No really, what can I say-it is a writer’s worst nightmare when there is nothing there. We write
because we enjoy writing but more important I have always thought, we write to learn more about ourselves and the world we live in. Writing allows us to decipher our feelings and the state of who we are at any specific time, we allow our subconscious the ability to explore and redefine our thoughts and how we relate to society and those around us we call friends or acquaintances.
So what does a writer or poet for that matter do when there is nothing evidently up there to explore or decipher? I believe that this point for the creative person is actually the opposite of what it seems, there is too much to decipher and too much to explore and the brain has not yet processed or perfected the work of poetry or prose. I have always thought we go through points of growth, thought fermentation and finally creative explosions-each are dependent upon our experiences and how we change and grow as creative people.
When poems or writing finally comes out it seems to flow as if it were already written and it just needed hands without second guessing their processes. I believe the ferment process is probably one of the longest points of the creative process-for me, images, thoughts, emotions are quickly recorded on a daily and often constant basis-these thoughts and feelings attach to images that I see and experience every day.

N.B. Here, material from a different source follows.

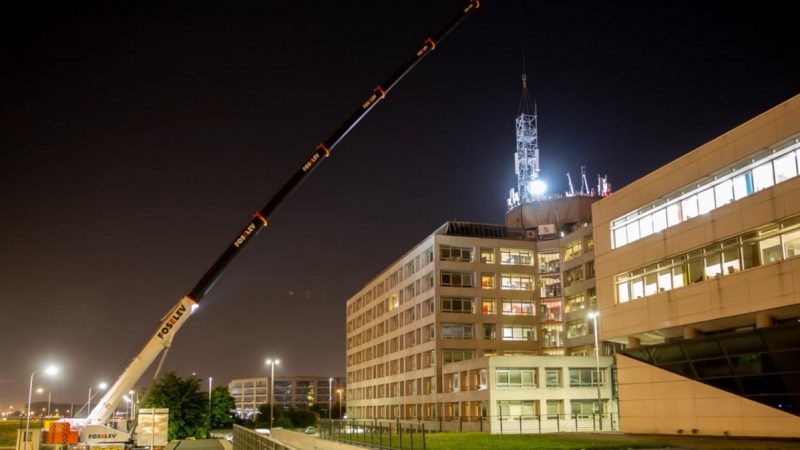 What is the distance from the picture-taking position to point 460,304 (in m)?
91.9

Slowly the words and thoughts attach to symbols in images as well as abstract connections to pictures that don’t even necessarily make logical sense.
Once the process of fermentation occurs, the words are pretty much formed and the poem is already written in memory. When the emotion or time lends itself, words come out eerily natural as if they had been formed long before they were written. All of the images that I see over that period of time become parts of different pieces of my writing without trying or questioning rhyme or flow. This process is called the trial web shift-this is a technique I have previously read about where you draw clusters of words and the poem or writing forms from that process, I have learned that my clustering seems to be done during the fermenting process and without actually drawing those words and clusters the connections are formed through time and experience intangibly.
One aspect of the feeling of the creative explosion for me is the lack of realization of any of the words I am writing-all of the words form quickly and I feel almost in a state of auto-pilot. The fingers type as if the work is being copied from somewhere but the state of creation is so hard to articulate because it is almost like being in a trance. After, usually fifteen or so poems, the words become slower to form and the conscious starts to be cognitive of logic and word choice and for me the flow is broken.
I have recently, unfortunately been in a growth period, following a state of a writers’ block that has been as overwhelming as it was depressing-The inability to write is like having so many thoughts and feelings in memory you can’t concentrate on the conscious state-this is not often conducive to having a normal busy life. So here we are again-ready to write on the other side of a seemingly hopeless block-hopefully the words will flow freely from here on-at least for a while.
What do you do to break a writer’s block and have you had that state of absence during the creative experience.